America’s Rural-Jail-Death Problem

by Katie Rose Quandt: For Complete Post, Click Here…

Every day, in small towns and cities across the country, thousands of people are booked into local jails, many for minor crimes. Some never come home.

This is the second in a five-part series about deaths in American jails. Read the first here.

n the early-morning hours of January 7, 2019, when it became clear that 30-year-old Christopher Hall might die, no medical staff were on duty at the Boyd County Detention Center.

Hall had been booked into the rural eastern-Kentucky jail in the final days of 2018 on a drug-possession charge. During intake, he informed officers that he typically used heroin or methamphetamine every day, that he had high blood pressure and hepatitis C, and that he had experienced delirium tremens or other serious withdrawal symptoms when he’d gone off drugs in the past. But there is no record of Hall seeing a physician during his time in the jail. Instead, medical consultations were made over the phone.

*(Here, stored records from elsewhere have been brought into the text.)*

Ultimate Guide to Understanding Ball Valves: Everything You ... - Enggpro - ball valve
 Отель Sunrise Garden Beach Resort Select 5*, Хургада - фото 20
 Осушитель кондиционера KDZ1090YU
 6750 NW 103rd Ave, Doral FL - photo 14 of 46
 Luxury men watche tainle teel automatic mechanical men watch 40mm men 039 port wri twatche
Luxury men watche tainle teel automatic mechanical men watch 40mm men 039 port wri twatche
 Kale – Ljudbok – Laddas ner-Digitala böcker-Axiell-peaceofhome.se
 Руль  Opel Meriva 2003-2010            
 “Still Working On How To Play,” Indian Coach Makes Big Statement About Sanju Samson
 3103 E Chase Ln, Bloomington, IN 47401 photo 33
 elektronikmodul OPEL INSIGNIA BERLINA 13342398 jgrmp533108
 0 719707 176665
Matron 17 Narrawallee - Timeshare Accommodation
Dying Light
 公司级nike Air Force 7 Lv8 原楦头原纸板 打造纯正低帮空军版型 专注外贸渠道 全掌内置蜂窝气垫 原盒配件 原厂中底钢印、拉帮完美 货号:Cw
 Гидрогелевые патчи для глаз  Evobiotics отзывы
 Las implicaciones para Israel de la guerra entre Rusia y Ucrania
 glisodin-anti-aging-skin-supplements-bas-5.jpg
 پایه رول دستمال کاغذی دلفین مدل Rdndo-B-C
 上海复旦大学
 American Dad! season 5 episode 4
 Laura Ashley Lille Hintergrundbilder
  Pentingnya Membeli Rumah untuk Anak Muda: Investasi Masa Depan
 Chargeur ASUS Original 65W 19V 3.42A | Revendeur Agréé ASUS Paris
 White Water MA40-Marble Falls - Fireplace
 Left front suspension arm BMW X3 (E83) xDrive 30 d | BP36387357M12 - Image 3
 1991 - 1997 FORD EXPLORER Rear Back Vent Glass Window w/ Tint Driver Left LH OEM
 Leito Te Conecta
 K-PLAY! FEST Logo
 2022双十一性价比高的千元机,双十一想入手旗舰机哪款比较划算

Court records note that during Hall’s first few days at BCDC, “nothing was documented to verify … that he was being monitored or assessed.” He developed a persistent fever, for which he was seen by medical staff several times and given Tylenol, in addition to his blood-pressure medication. On January 6, Hall was prescribed withdrawal medication, but just before midnight, a nurse wrote in his record that he was “withdrawing hard.” Shortly after this, the court records note, jail deputies laughed as they watched an incarcerated janitor clean up Hall’s diarrhea. Hall’s condition continued to worsen, and he eventually stopped speaking.

Staff called an ambulance in the morning, but it was too late. Hall died 13 days after being booked in, with a final emergency-department diagnosis of sepsis, a brain abscess, and “an altered mental status.” An ongoing wrongful-death lawsuit filed by the mother of his child alleges that jail and medical staff “displayed a conscious disregard for his right[s] and safety.” (The defendants have disputed the claims in court, arguing that their “actions were reasonable, proper, justified, legal and undertaken without any wrongful intent, impact or effect.”) Hall was the fourth person to die in eight months at BCDC.